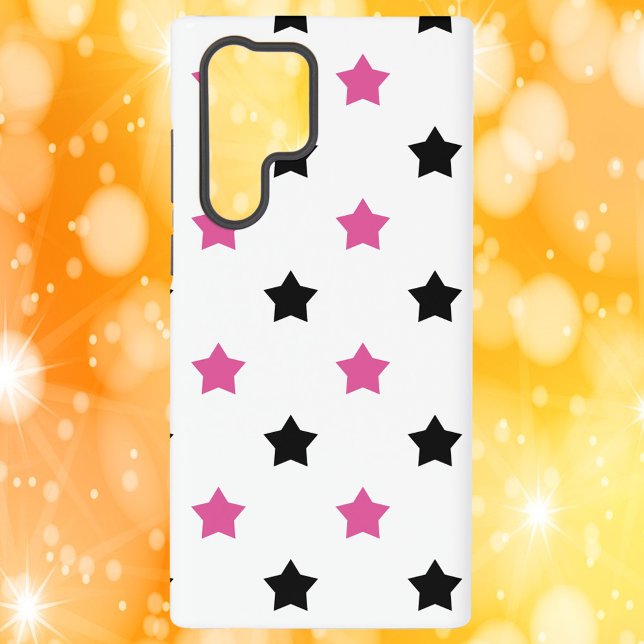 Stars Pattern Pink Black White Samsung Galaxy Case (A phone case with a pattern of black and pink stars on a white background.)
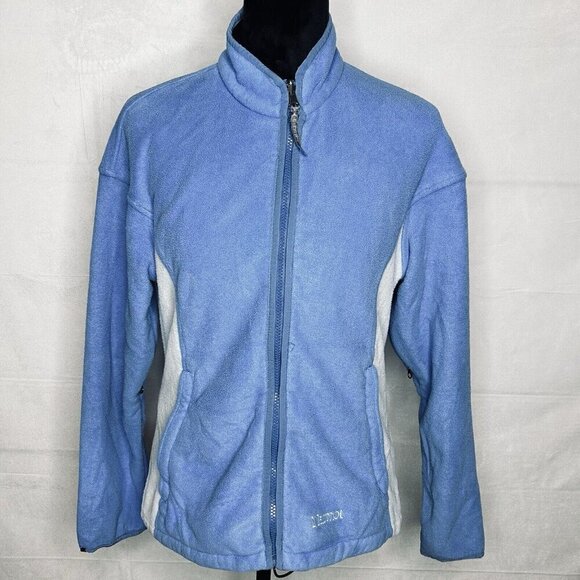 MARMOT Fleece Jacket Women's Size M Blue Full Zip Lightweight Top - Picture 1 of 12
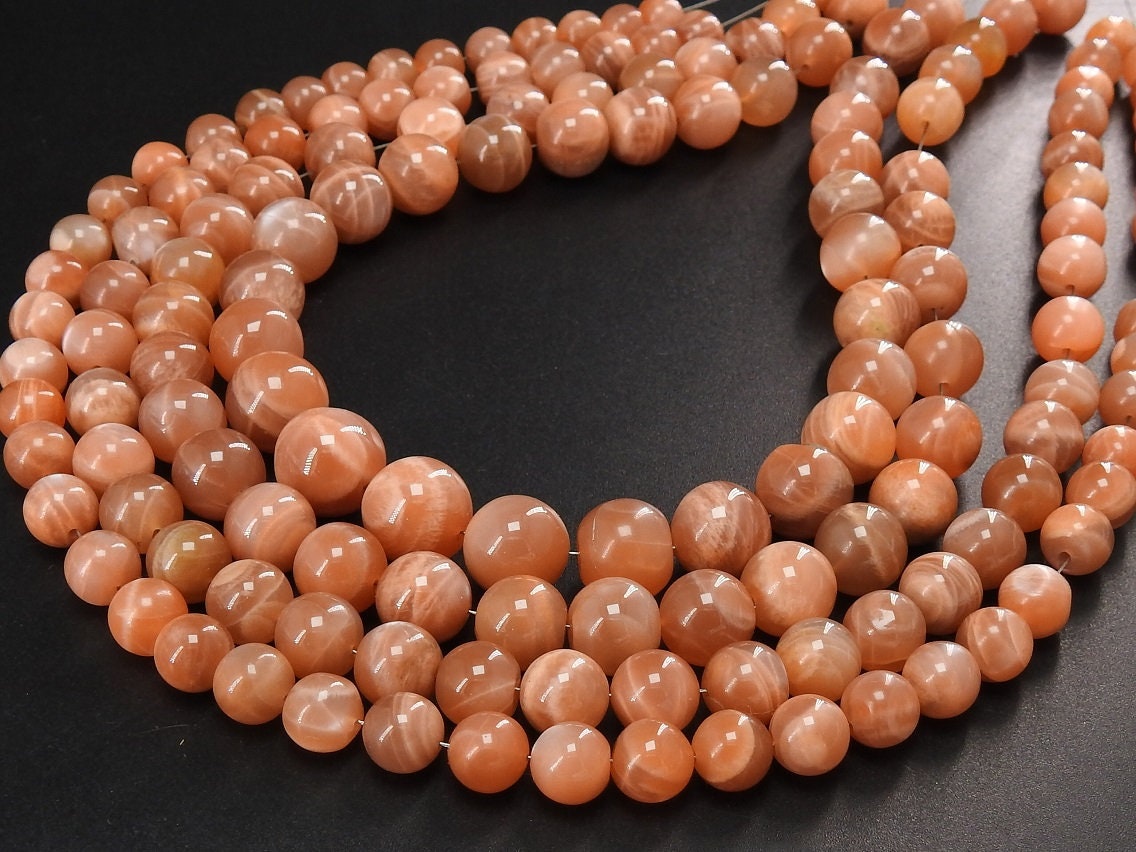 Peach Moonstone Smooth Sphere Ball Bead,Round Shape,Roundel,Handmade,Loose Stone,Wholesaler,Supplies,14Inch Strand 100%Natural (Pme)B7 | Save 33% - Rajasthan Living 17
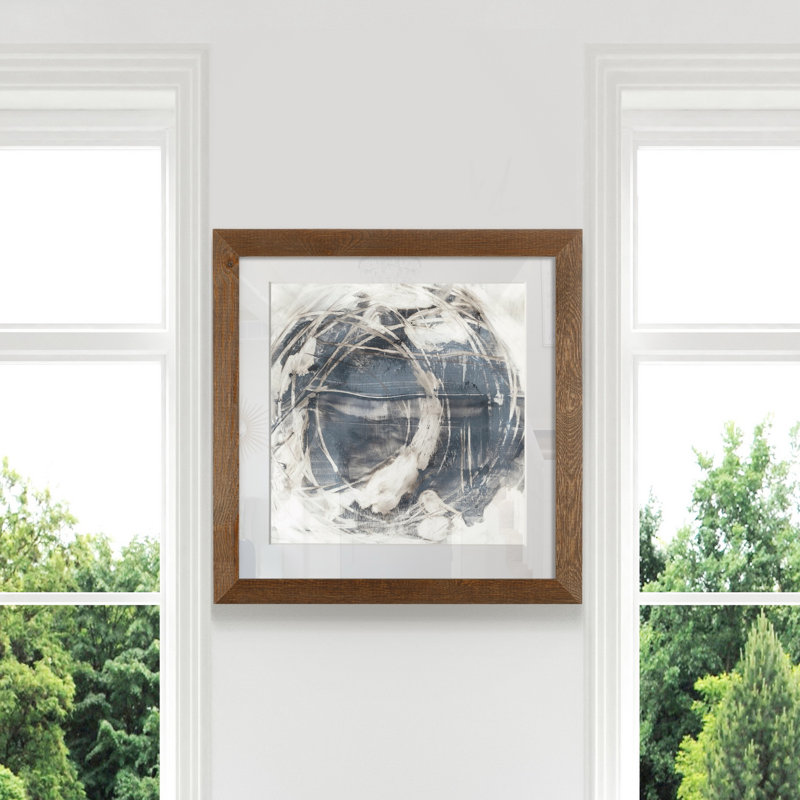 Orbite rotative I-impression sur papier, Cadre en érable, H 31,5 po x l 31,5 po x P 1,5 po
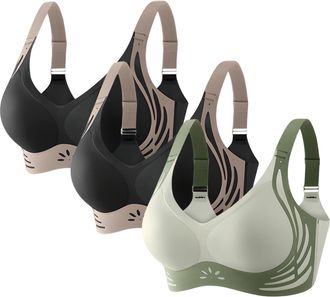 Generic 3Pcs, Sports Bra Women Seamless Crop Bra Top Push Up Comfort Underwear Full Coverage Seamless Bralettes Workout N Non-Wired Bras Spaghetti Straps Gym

---

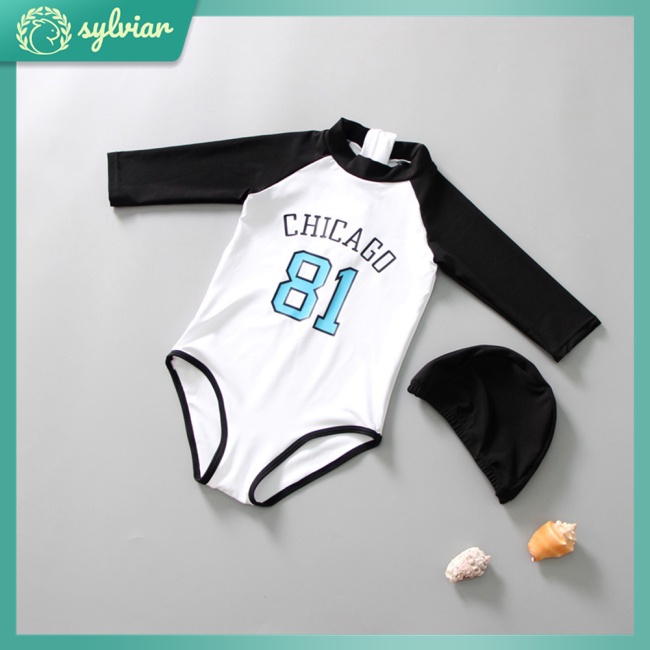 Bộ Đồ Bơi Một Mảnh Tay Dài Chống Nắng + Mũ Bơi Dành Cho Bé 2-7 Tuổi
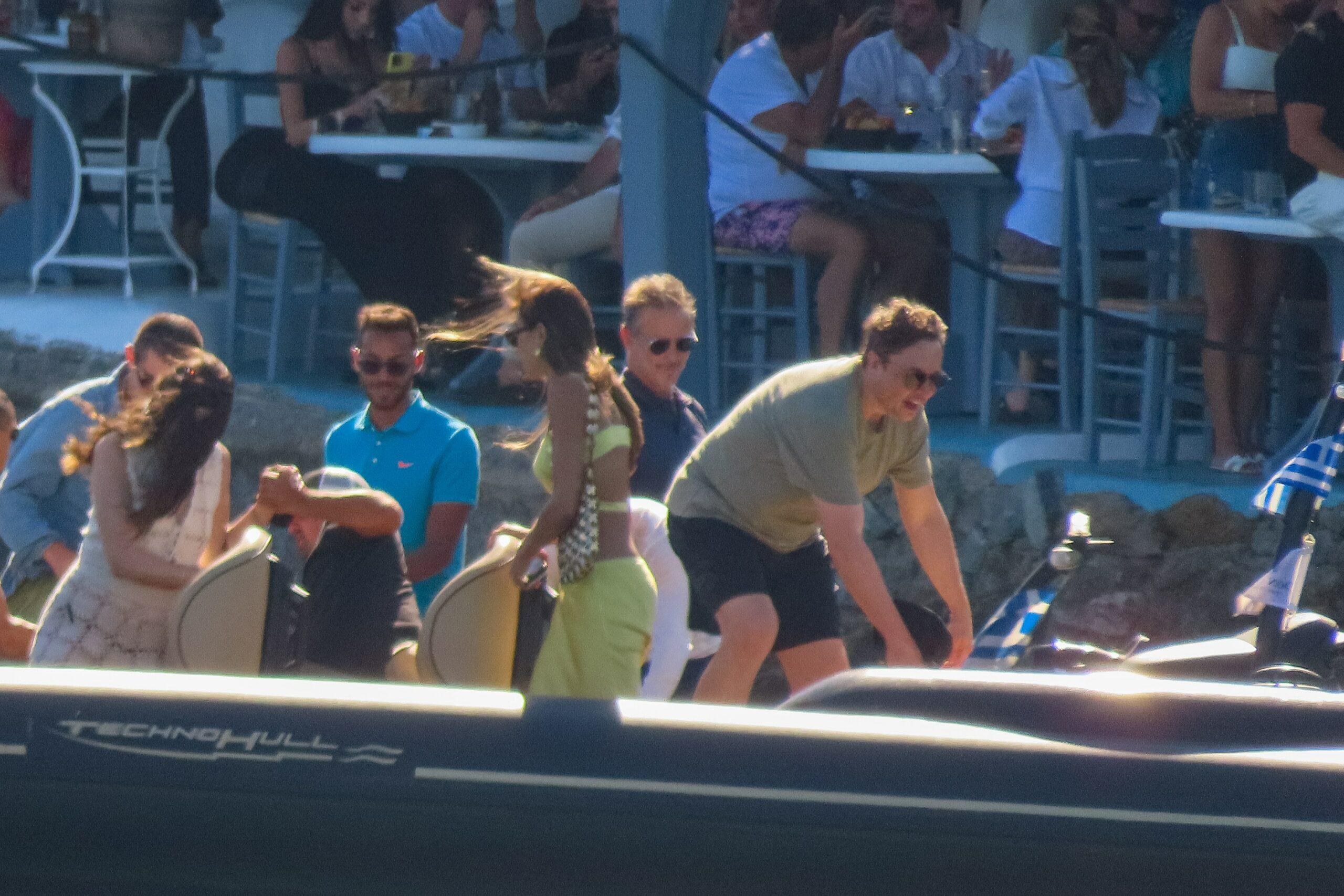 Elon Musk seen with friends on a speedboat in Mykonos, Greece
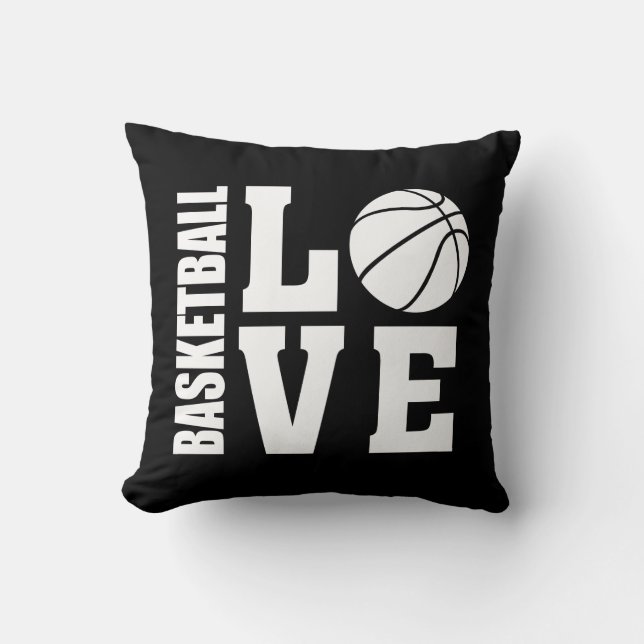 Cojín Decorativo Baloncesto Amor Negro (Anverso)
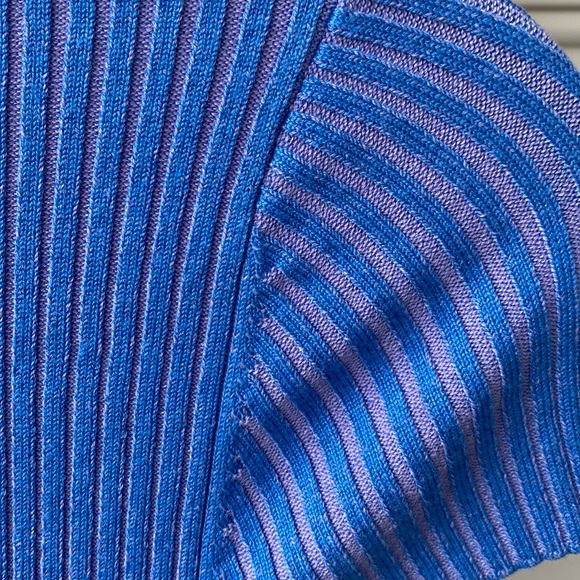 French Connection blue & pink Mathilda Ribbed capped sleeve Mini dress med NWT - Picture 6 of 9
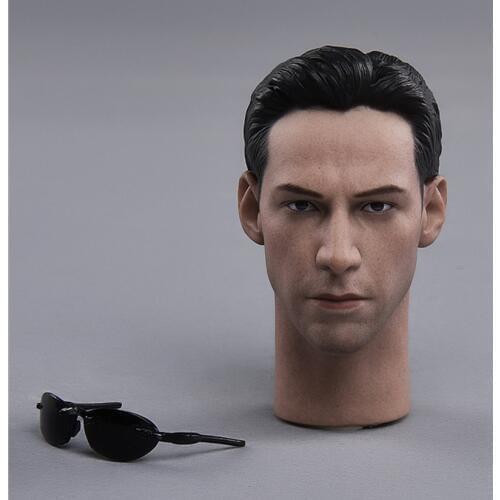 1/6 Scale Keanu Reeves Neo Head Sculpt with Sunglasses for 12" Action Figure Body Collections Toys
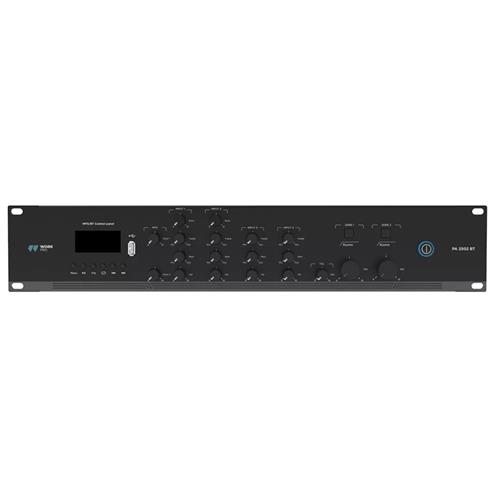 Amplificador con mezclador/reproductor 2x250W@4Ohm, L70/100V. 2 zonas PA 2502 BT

* * *

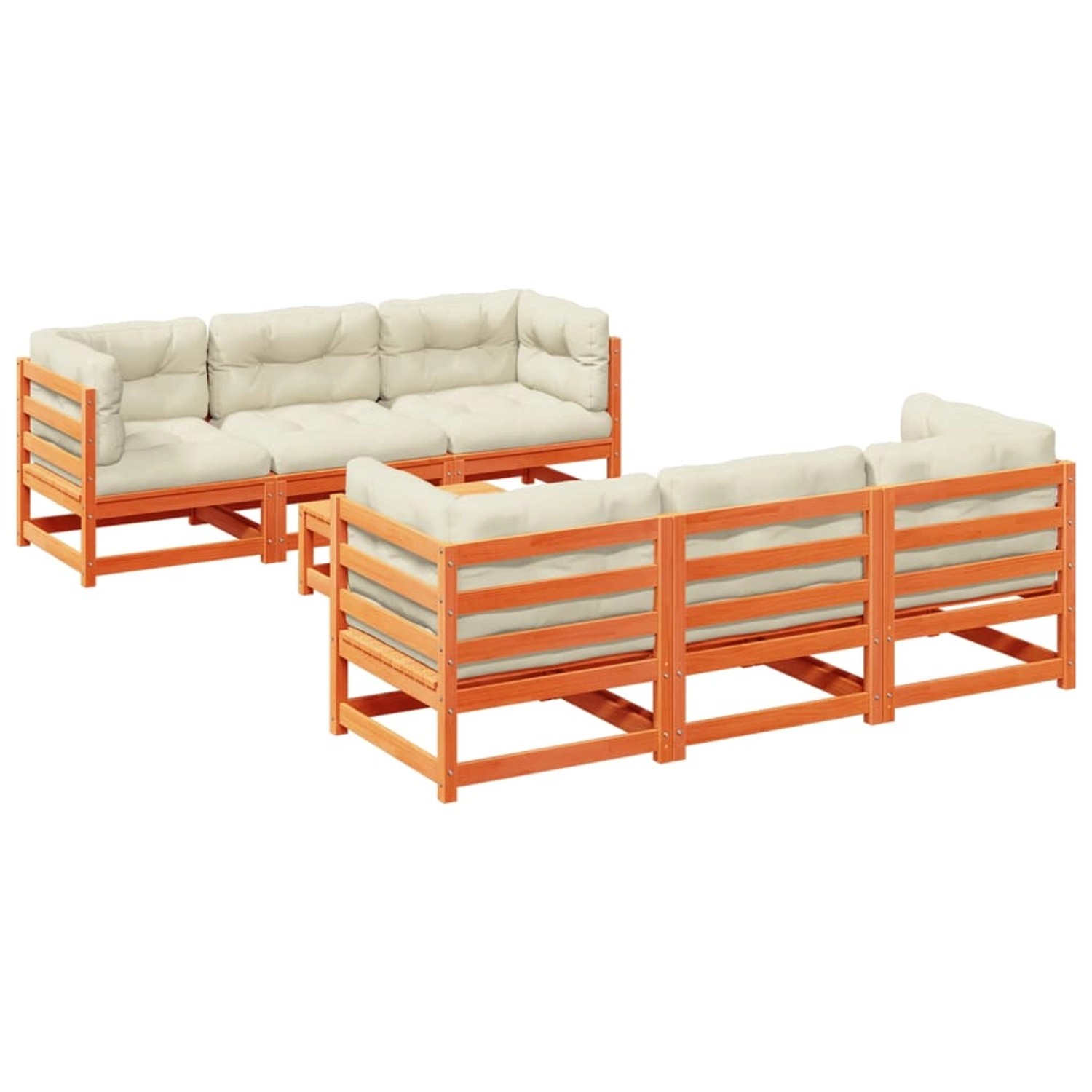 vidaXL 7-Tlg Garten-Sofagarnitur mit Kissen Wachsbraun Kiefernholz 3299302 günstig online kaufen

▸ Assignment: Print an exact copy of the lines above, from the one containing "Stars Pattern Pink" through the one containing "Orbite rotative I-impression", and leave out the pictures.

▸ Written answer:
 Stars Pattern Pink Black White Samsung Galaxy Case (A phone case with a pattern of black and pink stars on a white background.)
 MARMOT Fleece Jacket Women's Size M Blue Full Zip Lightweight Top - Picture 1 of 12
 Peach Moonstone Smooth Sphere Ball Bead,Round Shape,Roundel,Handmade,Loose Stone,Wholesaler,Supplies,14Inch Strand 100%Natural (Pme)B7 | Save 33% - Rajasthan Living 17
 Orbite rotative I-impression sur papier, Cadre en érable, H 31,5 po x l 31,5 po x P 1,5 po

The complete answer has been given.